Open Science
Introduction
Methods
Results
Discussion
Ancillary analyses
Item 28: Any other analyses performed, including subgroup and sensitivity analyses, distinguishing prespecified from post hoc
Examples
“In a [prespecified] sensitivity analysis to support the primary binary endpoint, the NRS [numerical rating score] pain score at 1 month was also analyzed using the constrained longitudinal data analysis model . . . Primary Outcome: At 1 month after the intervention, the percentage of responders (Low Back Pain intensity <40) was higher in the glucocorticoid intradiscal injection (GCIDI) group (36 of 65 [55.4%]) than the control group (21of 63 [33.3%]) (absolute risk difference, 22.1 percent-age points [CI, 5.5 to 38.7 percentage points]; P=0.009 [after multiple imputation]) . . . In the sensitivity analysis, the mean reduction in LBP [low back pain] intensity from baseline to 1 month was greater in the GCIDI group (−32.5 [CI,-38.2 to −26.8]) than the control group (−17.5 [CI, −23.3 to −11.7]) (absolute difference, -15.0 [CI,-22.9 to −7.1]; P< 0.001) [422]."

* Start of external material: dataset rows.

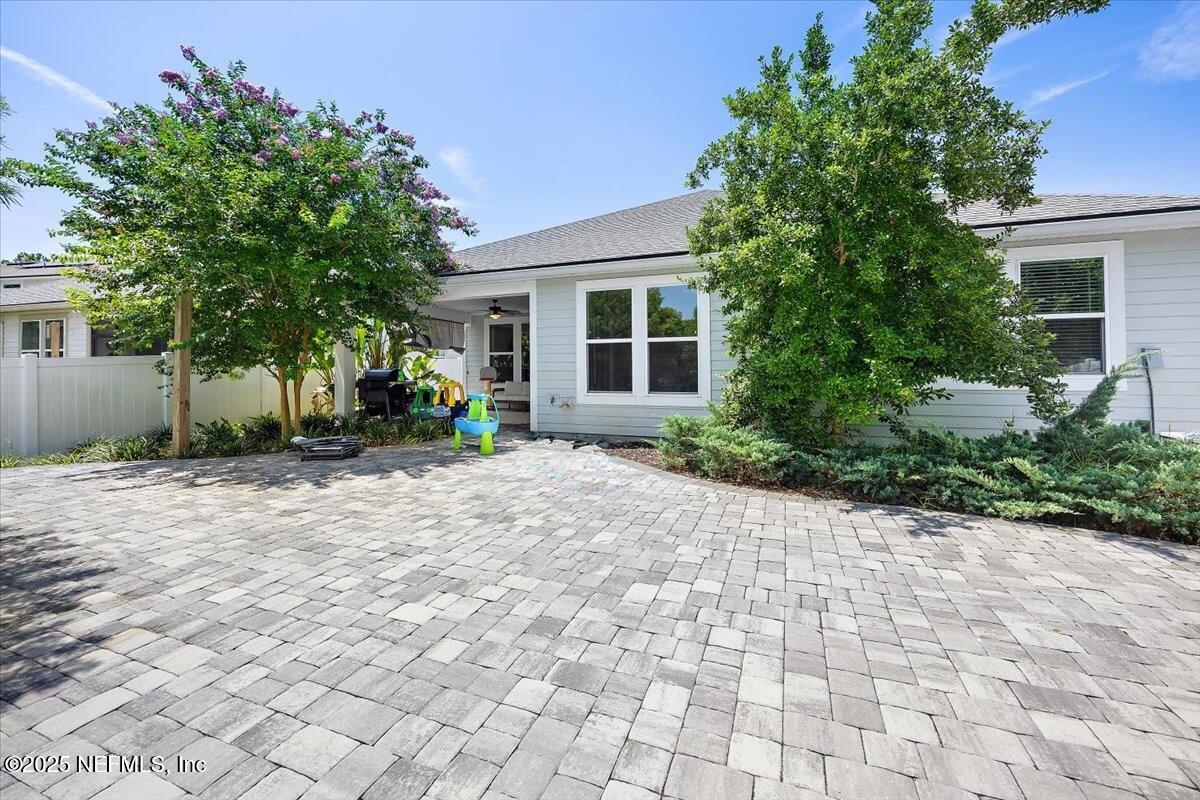 94 CABOT Place, St. Johns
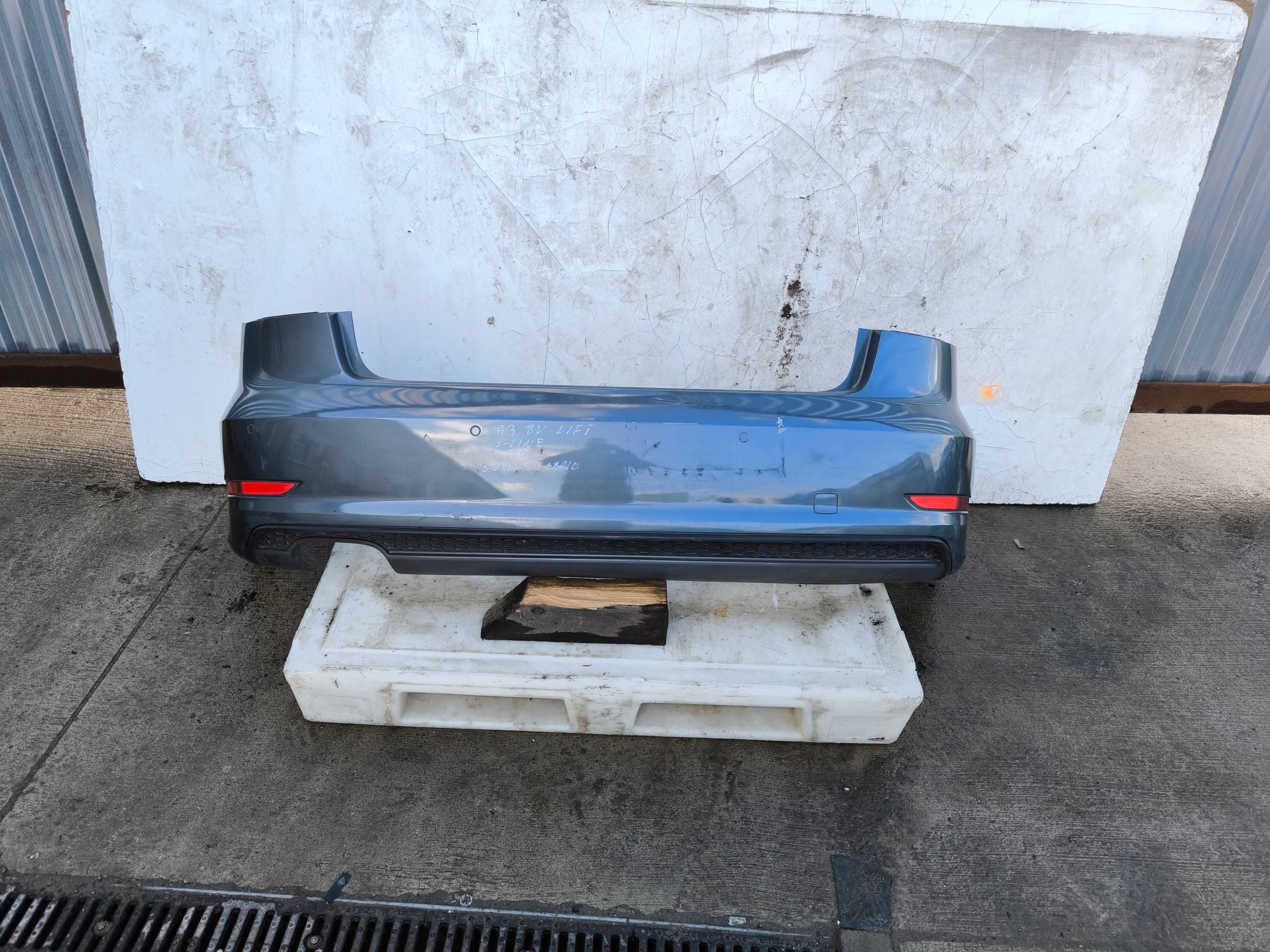 bumper rear part AUDI A3 8V sedan CABRIO PDC LZ7S original complete !!!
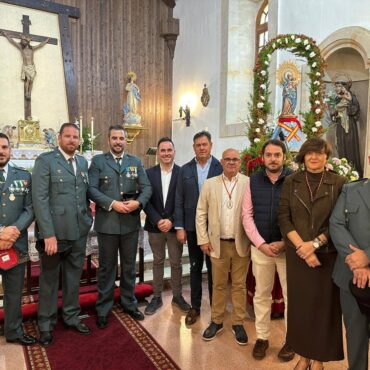 Los diputados provinciales del PP, Pascual Molina y Juan Ángel Alfaro, han acomp...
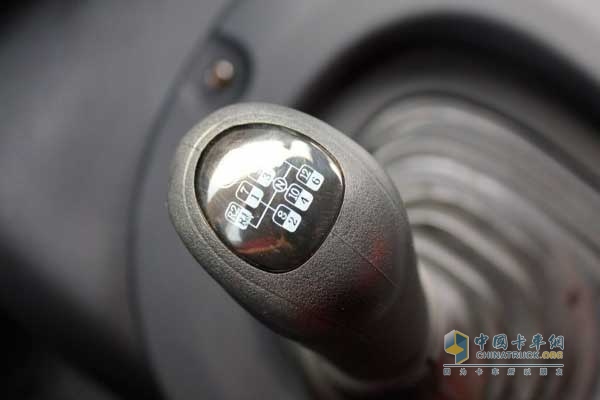 解放 J6P重卡 350馬力 6X4 LNG自卸車(chē) 檔位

“Owing to the later inclusion of parent cosmetic appearance assessments (to assist with trial conduct), it was decided to perform a post hoc subgroup analysis to determine whether the scores given by the assessors and parents differed between treatment groups [table 15] . . . The assessor scores did not indicate a difference between the nail-replaced and nail-discarded groups. However, the scores given by the parents suggested that there was a statistically significant difference in favour of the nail-discarded group. The treatment by subgroup interaction term was statistically significant (OR [odds ratio] 0.24, 95% CI [confidence interval] 0.06 to 0.96. P= 0.044).”
Explanation
Multiple analyses of the same data create a risk for false-positive findings [480]. Authors should especially resist the temptation to perform many subgroup analyses [481-483]. Analyses that were prespecified in the trial protocol (item 3) are much more reliable than those suggested by the data, and therefore authors should report which analyses were prespecified. If subgroup analyses were undertaken, authors should report which subgroups were examined, why, whether they were prespecified, and how many were prespecified. Selective reporting of subgroup analyses could lead to bias [484]. When evaluating a subgroup, the question is not whether the subgroup demonstrates a statistically significant result but whether the subgroup treatment effects are significantly different from each other. To determine this, a test of interaction is helpful, although the power for such tests is typically low. If formal evaluations of interaction are undertaken (item 21d) they should be reported as the estimated difference in the intervention effect in each subgroup (with a CI), not just as P values.
In one survey [481], 35 of 50 trial reports included subgroup analyses, of which only 42% used tests of interaction. It was often difficult to determine whether subgroup analyses had been specified in the protocol. In another survey of surgical trials published in high impact journals, 27 of 72 trials reported 54 subgroup analyses of which 91% were post hoc and only 6% of subgroup analyses used a test of interaction to assess whether a subgroup effect existed [485].